Ah, the early nineties, when it was a generational statement to say you were bored. In the post-cocaine, post-yuppie world, many of the cultural heroes were shitheads in, or recently out of, school who didn’t know what do with their lives, and didn’t particularly care. Think Bart Simpson and Beavis and Butt-Head. Richard Linklater even made an era-defining movie called Slacker which took this mindset to its aesthetic and structural core: A story about aimless people told aimlessly.
Musically, this manifested itself as the widespread success of grunge, messy music about the dullness of life, peppered with grunts and borderline nonsense words. (“A mulatto, an albino, a mosquito, my libido. Hey!”)

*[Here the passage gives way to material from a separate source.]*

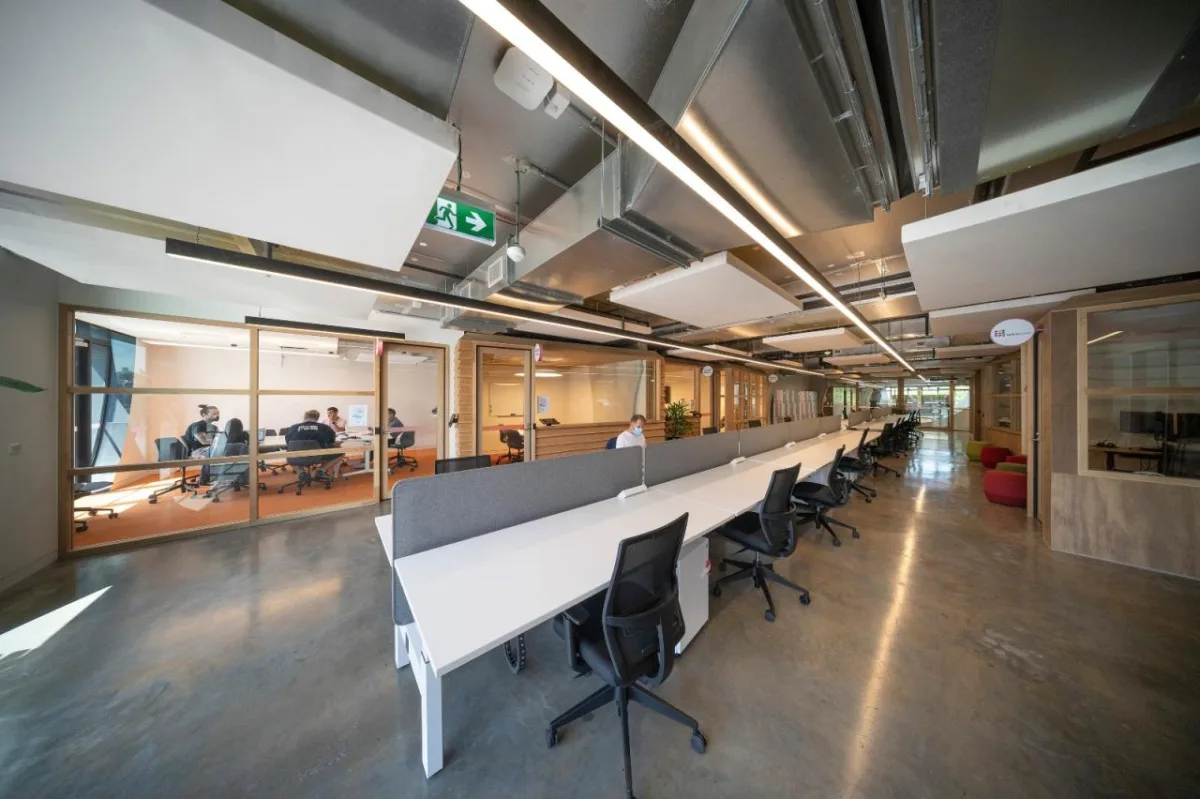 BIM建筑|‘半成品’建筑：圣基尔达，维多利亚傲娇中心 / BAU+Grant Amon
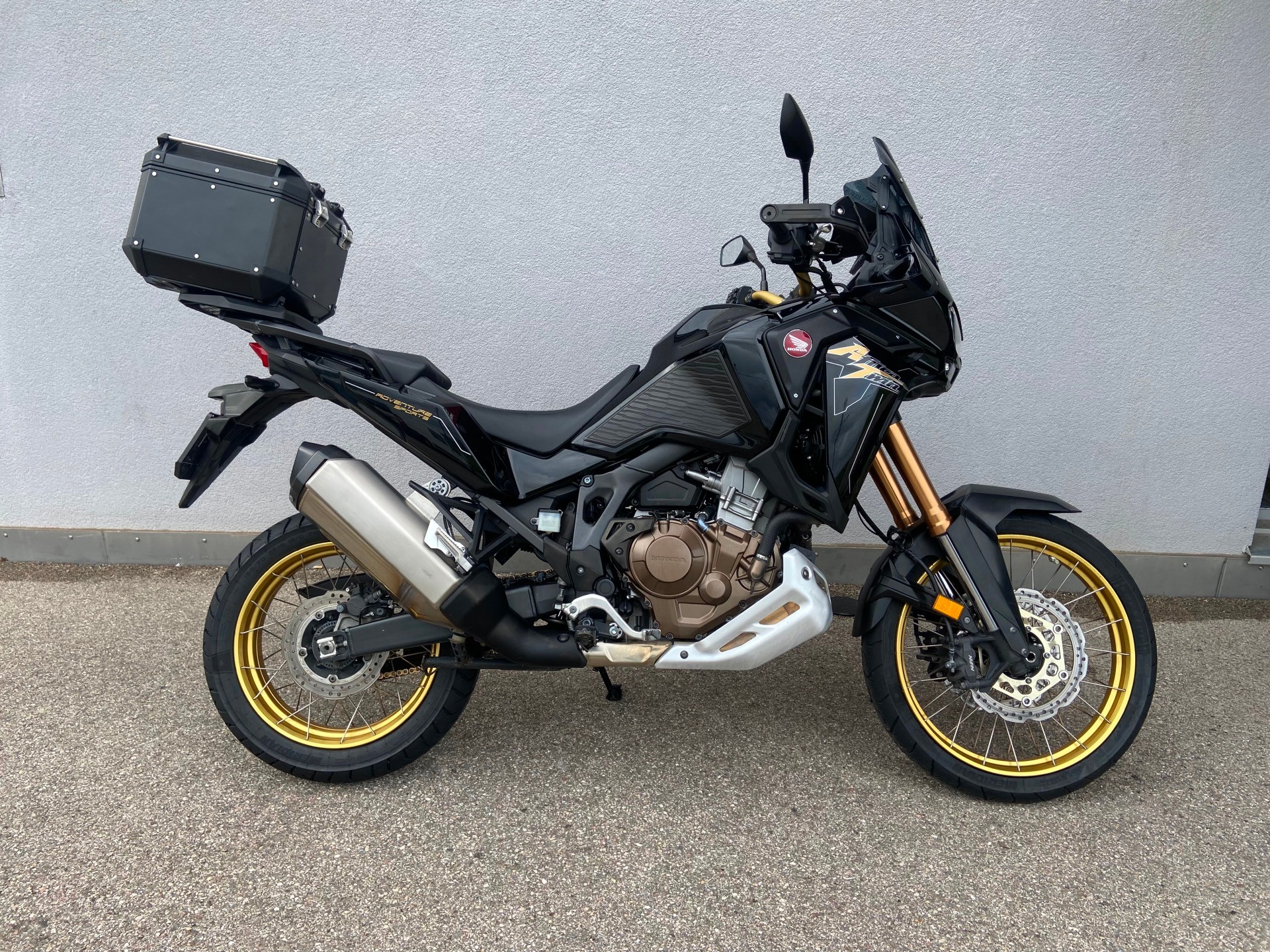 HONDA CRF 1100 Africa Twin Adventure-image-2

But, to me, no song captures the early ‘90s slacker mindset quite like “No Rain.” I mean, look at the song’s central lyric: “All I can say is that my life is pretty plain.” Dreamy guitar jangles anchor a really lovely tune. It’s truly delightful and well-crafted, an expression of ennui transmuted as optimistic pop. The lyrics are tinged with depression, though perhaps that reading comes from the fact that Blind Melon’s lead singer died from a cocaine overdose in 1995.
The song also gained fame for its iconic music video of a tap-dancing girl in a bee costume who doesn’t quite fit in with her peers. Again, very 90’s.